If you don’t have pip installed, see the pip install guide. Then run:

$ pip install charmonium.cache
>>> from charmonium.cache import memoize
>>> import shutil; shutil.rmtree(".cache")
>>> i = 0
>>> @memoize()
... def square(x):
...     print("recomputing")
...     return x**2 + i
...
>>> square(4)
recomputing
16
>>> square(4)
16
>>> i = 1
>>> square(4)
recomputing
17

The function must be pure with respect to its arguments and its closure (i part of the closure in the previous example). This library will not detect:

  • Reading directly from the filesystem (this library offers a wrapper over files that permits it to detect changes; use that instead).

  • Non-static references (the caching library can’t detect a dependency if the function references globals()["i"]).

Advantages

While there are other libraries and techniques for memoization, I believe this one is unique because it is:

  1. Correct with respect to source-code changes: The cache detects if you edit the source code or change a file which the program reads (provided they use this library’s right file abstraction). Users never need to manually invalidate the cache, so long as the functions are pure.

  2. Useful between runs and across machines: A cache can be shared on the network, so that if any machine has computed the function for the same source-source and arguments, this value can be reused by any other machine.

  3. Easy to adopt: Only requires adding one line (decorator) to the function definition.

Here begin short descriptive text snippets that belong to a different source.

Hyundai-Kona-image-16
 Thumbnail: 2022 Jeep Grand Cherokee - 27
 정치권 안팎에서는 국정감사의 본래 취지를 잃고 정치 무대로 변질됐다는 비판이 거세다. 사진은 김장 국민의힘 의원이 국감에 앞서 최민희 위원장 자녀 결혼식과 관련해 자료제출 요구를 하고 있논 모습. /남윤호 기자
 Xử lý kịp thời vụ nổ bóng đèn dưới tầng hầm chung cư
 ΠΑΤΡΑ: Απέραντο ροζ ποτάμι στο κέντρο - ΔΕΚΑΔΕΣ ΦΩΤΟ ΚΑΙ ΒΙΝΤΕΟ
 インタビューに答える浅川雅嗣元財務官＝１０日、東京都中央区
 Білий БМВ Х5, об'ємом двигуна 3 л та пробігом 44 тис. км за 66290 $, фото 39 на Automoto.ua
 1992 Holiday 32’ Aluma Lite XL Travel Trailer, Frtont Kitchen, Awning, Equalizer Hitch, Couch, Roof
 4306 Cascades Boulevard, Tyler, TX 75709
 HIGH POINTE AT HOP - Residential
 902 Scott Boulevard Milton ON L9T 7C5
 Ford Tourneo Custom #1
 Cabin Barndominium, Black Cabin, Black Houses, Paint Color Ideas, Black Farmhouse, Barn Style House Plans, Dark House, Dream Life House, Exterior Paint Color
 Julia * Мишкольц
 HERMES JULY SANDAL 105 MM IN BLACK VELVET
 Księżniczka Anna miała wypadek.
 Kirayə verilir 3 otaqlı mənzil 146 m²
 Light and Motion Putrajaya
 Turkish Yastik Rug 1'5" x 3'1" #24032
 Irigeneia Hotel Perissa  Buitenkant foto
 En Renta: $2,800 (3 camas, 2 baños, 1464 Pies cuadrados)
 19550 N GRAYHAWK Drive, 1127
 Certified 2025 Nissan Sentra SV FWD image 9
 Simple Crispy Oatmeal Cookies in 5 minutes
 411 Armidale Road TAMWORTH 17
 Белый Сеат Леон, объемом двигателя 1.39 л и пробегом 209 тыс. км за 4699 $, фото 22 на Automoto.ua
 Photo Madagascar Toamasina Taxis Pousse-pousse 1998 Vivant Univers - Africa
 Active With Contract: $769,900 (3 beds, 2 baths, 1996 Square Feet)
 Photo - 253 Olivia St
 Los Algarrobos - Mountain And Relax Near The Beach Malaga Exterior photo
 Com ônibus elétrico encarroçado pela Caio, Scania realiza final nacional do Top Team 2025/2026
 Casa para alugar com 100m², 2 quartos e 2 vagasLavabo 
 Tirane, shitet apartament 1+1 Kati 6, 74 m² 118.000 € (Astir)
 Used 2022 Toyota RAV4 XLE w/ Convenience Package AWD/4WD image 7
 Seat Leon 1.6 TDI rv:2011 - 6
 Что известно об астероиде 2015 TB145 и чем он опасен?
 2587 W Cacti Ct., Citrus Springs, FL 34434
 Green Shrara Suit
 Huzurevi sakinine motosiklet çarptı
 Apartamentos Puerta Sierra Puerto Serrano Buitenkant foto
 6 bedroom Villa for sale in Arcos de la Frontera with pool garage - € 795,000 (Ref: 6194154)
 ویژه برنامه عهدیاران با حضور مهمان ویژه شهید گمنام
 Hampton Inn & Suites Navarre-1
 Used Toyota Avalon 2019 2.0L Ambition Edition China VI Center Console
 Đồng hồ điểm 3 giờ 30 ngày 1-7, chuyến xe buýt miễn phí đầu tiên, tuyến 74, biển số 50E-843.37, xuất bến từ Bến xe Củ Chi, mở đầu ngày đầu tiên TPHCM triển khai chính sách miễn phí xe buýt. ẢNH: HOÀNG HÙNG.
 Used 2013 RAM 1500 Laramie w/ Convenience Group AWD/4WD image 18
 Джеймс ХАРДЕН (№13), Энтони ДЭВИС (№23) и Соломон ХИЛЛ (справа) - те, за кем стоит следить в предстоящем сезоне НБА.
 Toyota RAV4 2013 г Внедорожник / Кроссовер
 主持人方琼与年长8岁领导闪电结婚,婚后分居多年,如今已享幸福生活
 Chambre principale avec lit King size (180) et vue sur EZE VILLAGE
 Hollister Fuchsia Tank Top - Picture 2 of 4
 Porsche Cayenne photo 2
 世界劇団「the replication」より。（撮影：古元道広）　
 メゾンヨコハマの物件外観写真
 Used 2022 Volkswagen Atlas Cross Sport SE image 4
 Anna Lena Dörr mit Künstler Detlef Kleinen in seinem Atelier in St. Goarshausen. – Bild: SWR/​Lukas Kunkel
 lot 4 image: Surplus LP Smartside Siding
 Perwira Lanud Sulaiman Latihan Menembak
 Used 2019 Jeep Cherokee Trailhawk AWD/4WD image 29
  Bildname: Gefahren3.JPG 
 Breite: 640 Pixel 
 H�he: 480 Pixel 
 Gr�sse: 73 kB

  4. Bounded in size: The cache won’t take up too much space. This space is partitioned across all memoized functions according to the heuristic.

  5. Supports smart heuristics: They can take into account time-to-recompute and storage-size in addition to recency, unlike naive LRU.

  6. Overhead aware: The library measures the time saved versus overhead. It warns the user if the overhead of caching is not worth it.

Memoize CLI

memoize -- command arg1 arg2 ...
memoize memoizes command arg1 arg2 .... If the command, its arguments,

or its input files change, then command arg1 arg2 ... will be rerun. Otherwise, the output files (including stderr and stdout) will be produced from a prior run.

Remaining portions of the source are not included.